Eric: This is exactly what I am attempting to do. I like it when I can get people to think about something they would not ordinarily think about. I believe that is one of the beauties of art. I love it when people tell me what they think it means. I am often surprised by other people’s interpretations.
Beth: You have a very consistent body of work and style. Please tell us about how you found it, or noticed it, and when you came across your own aesthetic?
Eric: I started my style with the idea to create a look that was computer-based using lines from Bézier curves and get away from the human quality that pencil or traditional artistic tools bring. The very first piece I consider to be what started my style is “Oscar” (a portrait of my son) which I did spontaneously in about 30 minutes. This had quite a bit of wavy hatching which I stopped using shortly after as I felt it was adding too much detail and becoming a distraction. I also became interested in scenes which would invite stories. This is my only piece that had irises in the eyes. I want my characters to be blank.
Beth: According to your website, I noticed you’re doing commercial work — what’s been an interesting challenge you’ve faced working with clients?
Eric: The editorial illustration I have done so far has not been too different from what I typically do in my personal work. I have had the opportunity to create my own ideas and images without a lot of direction. An interesting challenge is coming up with 2-3 completely different ideas based off of the writer’s story and not my own spontaneous ideas. On my most recent editorial project, I made the visual without reading the story (which was not ready). Instead I was given a one-sentence description of what the story was about. It was fun to work on a project given so little information. I love risk-taking!

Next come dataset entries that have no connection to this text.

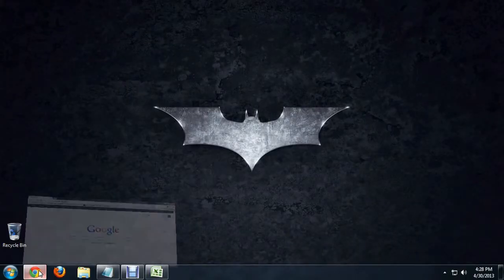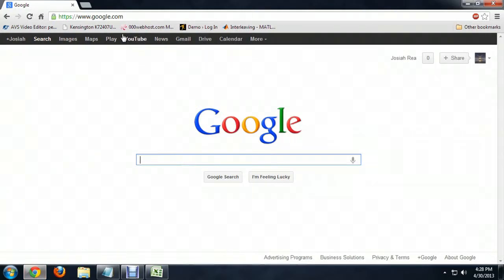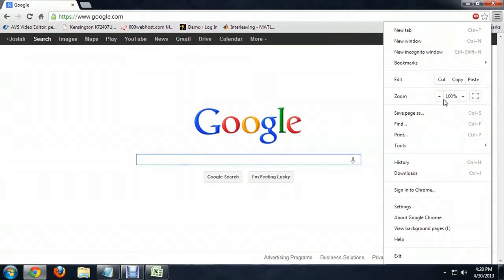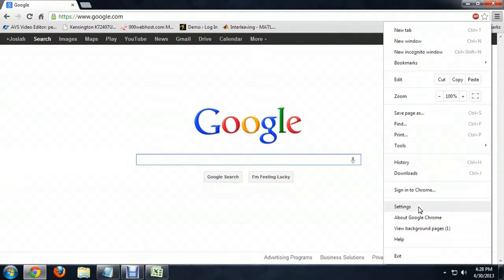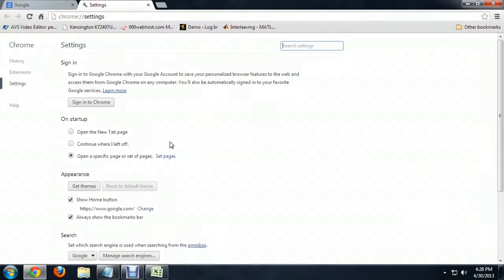So I'm going to fire up Chrome real quick. And we're going to go to the Option button here and go down to Settings. And we'll click on Extensions.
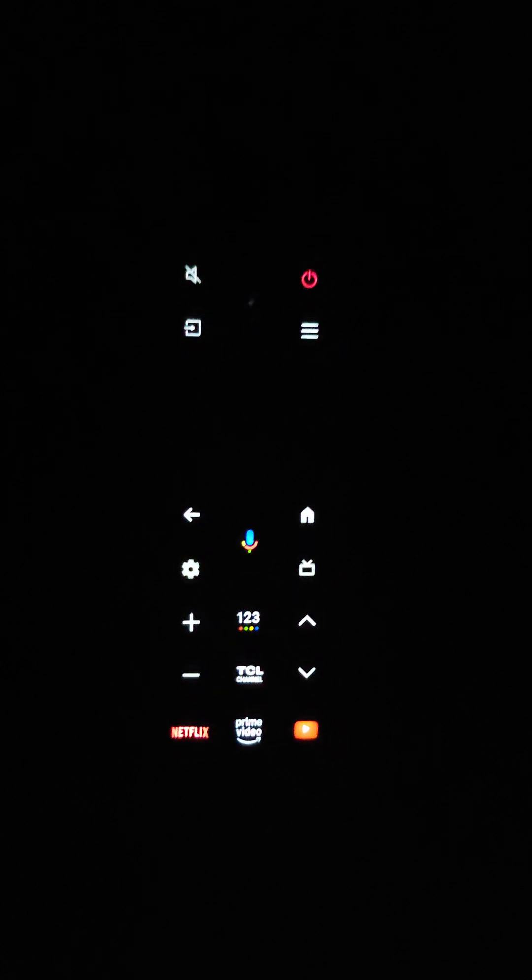Hey guys and welcome back to my channel. In this video I'm going to show you the new RC933A smart remote that comes with selected 2025 TCL TVs.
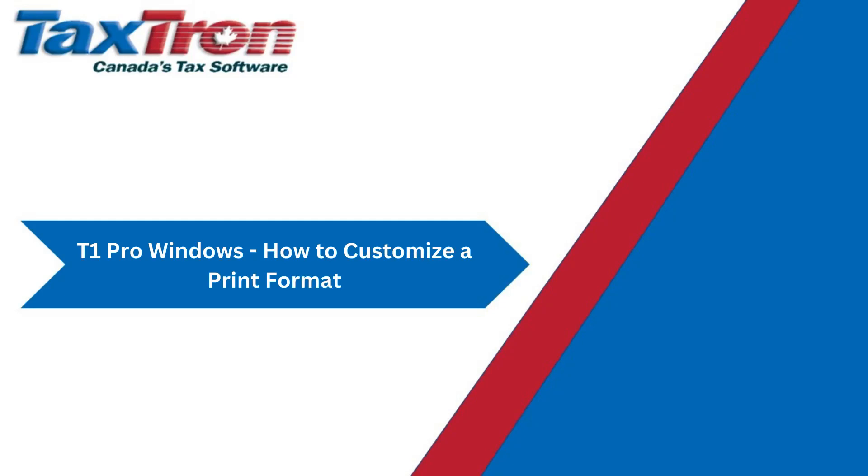Hello and welcome to the TaxTron Desktop Tutorial video series. In this video, I will be going over how to customize a print format.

Beth: Which comics or graphic novels have influenced you the most? Have there been any other illustrators that have impacted upon the artist you’ve become?
Eric: I like the look of 1930s and 1940s Action Comics and Adventure Comics with their simple lines. I don’t really look at a lot of art for inspiration. I think original art comes from within. Having said that, some artists that have impacted me are David Hockney, Henri Matisse, and Edward Hopper. I was really into their art during college.
Beth: And who do you like especially from the 1940s artistically? There is a real sense of film-noir in your artwork, which is an interesting intersection between the psychology of cinema and your illustration, could you talk about this?
Eric: I appreciate the works of Jack Burnley and other comic artists of the 1930s and 1940s for their simplicity. I like the strong graphic quality and innovative viewpoints of Rodchenko’s photography. Movie directors such as the Coen brothers have had an impact on me for their compositions and dark humor (Fargo and Barton Fink are among my favorite movies). I think the cinematic quality of my illustration comes from encouraging the viewer to create their own narrative based off of a single image which allows their minds to wander. The visuals that I imagine seem like movie stills in my mind.
Beth: You’ve been sent to Alcatraz to be imprisoned forever (sorry). You can only take 3 art tools with you to make art. What do you take?
Eric: All I need is a computer. So my other two are a water bottle and a beach chair.